Early childhood literacy a USD 431 focus
Earlier in March, USD 431 distributed United Way of Central Kansas literacy kits for the first time, Executive Director Julie Bugner-Smith said. The excitement preschoolers showed when they found a copy of “Curious George Goes to School” in their monkey-shaped backpacks makes her confident the kids will get a lot of enjoyment from the once-a-month new book experience. The kids were especially happy when they learned that they got to keep the books.
“When you go to the library, you can check out books, but these ones you get to keep,” she said.
Sign-up for Imagination Library books will take place only at the library, rather than online, so families will become more aware of that resource that is also available them.
Early childhood literacy is a priority for USD 431, Superintendent Bill Lowry said. That is one reason the district offers preschool for 3- and 4-year-olds. In most communities, that is something offered only to at-risk children, but in Hoisington it is available regardless of the family’s income. It is something the district writes into its annual budget because the community values it.
“Early childhood, in my opinion, is the best money you can pay to ensure kids succeed later in life,” he said. “If they can learn to read, things go a lot better for the students and their success rates are higher.”
HOISINGTON — Hoisington residents are encouraging children to pick up books at an early age — even before they are able to read. The Dolly Parton Imagination Library is coming to town as a United Way of Central Kansas program, and USD 431 will hold a read-a-thon to raise money for the initiative, Superintendent Bill Lowry said.
The school district hosted a Hoisington Chamber of Commerce coffee last Thursday to kick off the program.
The read-a-thon for children in preschool through fourth grade starts March 27 and will last two weeks. Children can log time they spend reading or being read to by their parents.
Each student has a website which parents can activate through the USD 431 website. The families can reach out through social media to friends and family to raise funds to bring the Dolly Parton Imagination Library to Hoisington. Cash or check donations can be dropped off at the USD 431 District Office, and Lowry will ensure the student is credited with the donation.
If the community is successful in bringing the Dolly Parton Imagination Library to town, all children from birth to 5 years old who reside in the Hoisington zip code (67544) will be eligible to go to the Hoisington Public Library and register for the program. Children will receive one age-appropriate book per month at no cost to the family.
UWCK Executive Director Julie Bugner-Smith said Ellinwood and Larned already participate in the program, with about 150 children receiving books each month. She urged community members to support kids participating in the read-a-thon. All funds raised will go directly to the Dolly Parton Imagination Library initiative.
“It’s very important to encourage reading at an early age,” she said. “Kids become better students, and that’s better for the community overall.”
Dewey shares family experience
Jacqueline Dewey signed her son Jonathan up for the program at the Ellinwood Library when he was 2. She showed some of the books they’ve received.

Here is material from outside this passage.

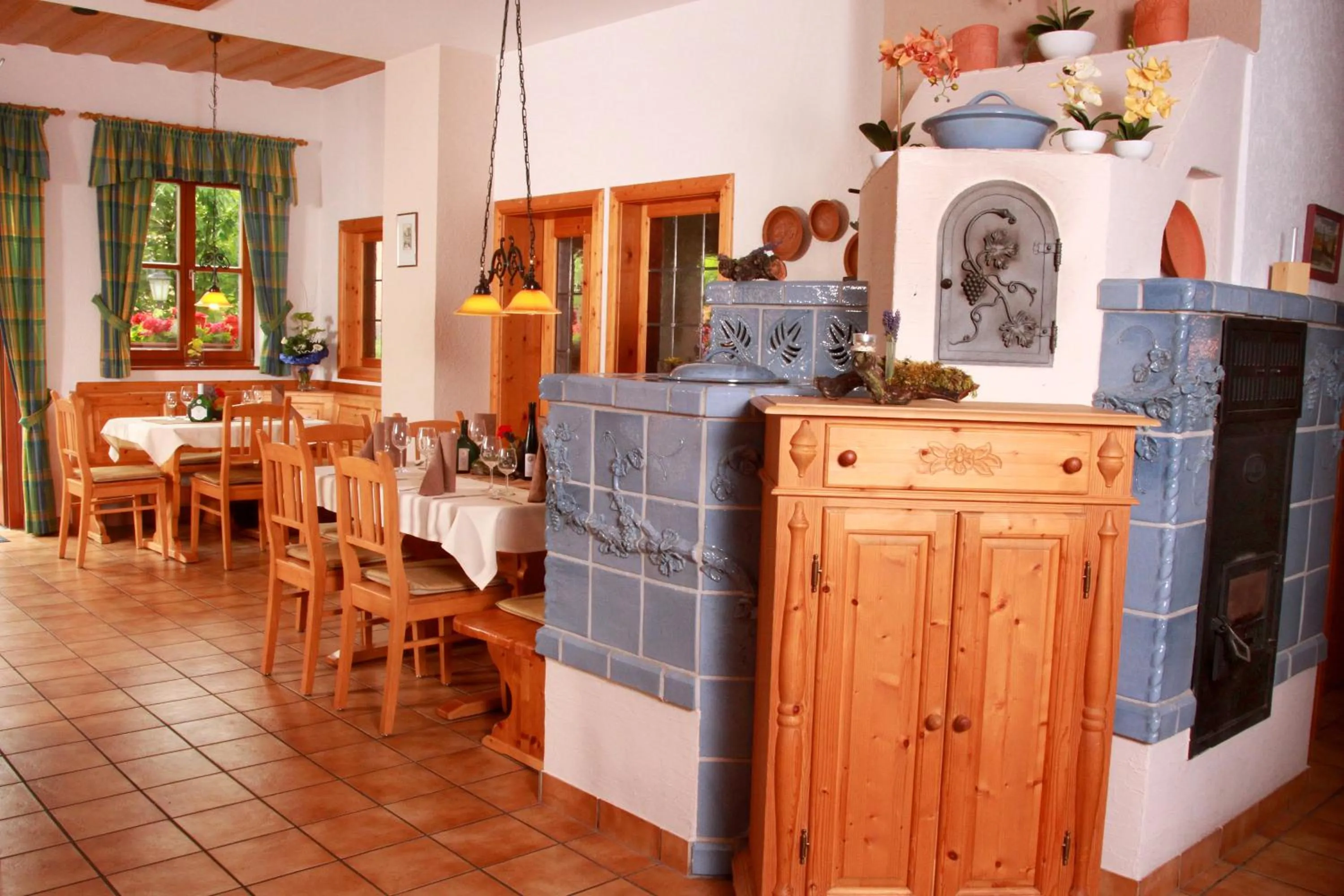 Restaurant/places to eat in Hotel & Gasthof zum Rödelseer Schwan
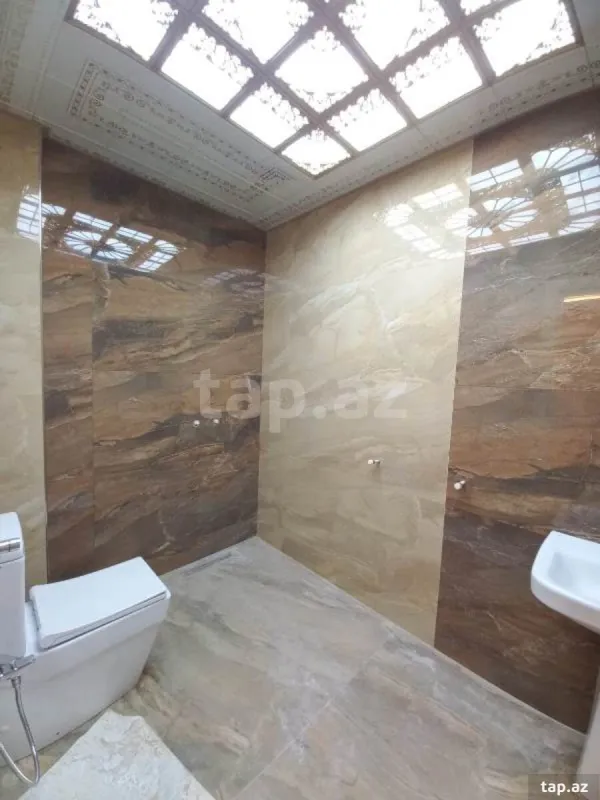 Satılır 4 otaqlı yeni tikili 248 m²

“It’s always hard for me to choose which books off our shelf from the Dolly Parton Imagination Library that I want to bring because they are all so good,” she said. They can be read “for fun,” but she also finds many of them are good for teaching numbers, letters, and life lessons and manners for preschoolers.
Each of the Dolly Parton books has a flap with suggestions for ways parents can engage their children as they read together. As a substitute teacher, Dewey said she can speak to the importance of this type of engagement with young readers. “I love these flaps because they give me extra ideas on how to read with Jonathan.”
The Dolly Parton Imagination Library costs United Way about $30 a year for each child, Smith said. UWCK would like to raise enough money to fund the first two years of the program in Hoisington in order to ensure it is sustainable. All of the funds remain in the community because if the family moves out of the zip code, they must register in their new community if it has the program available.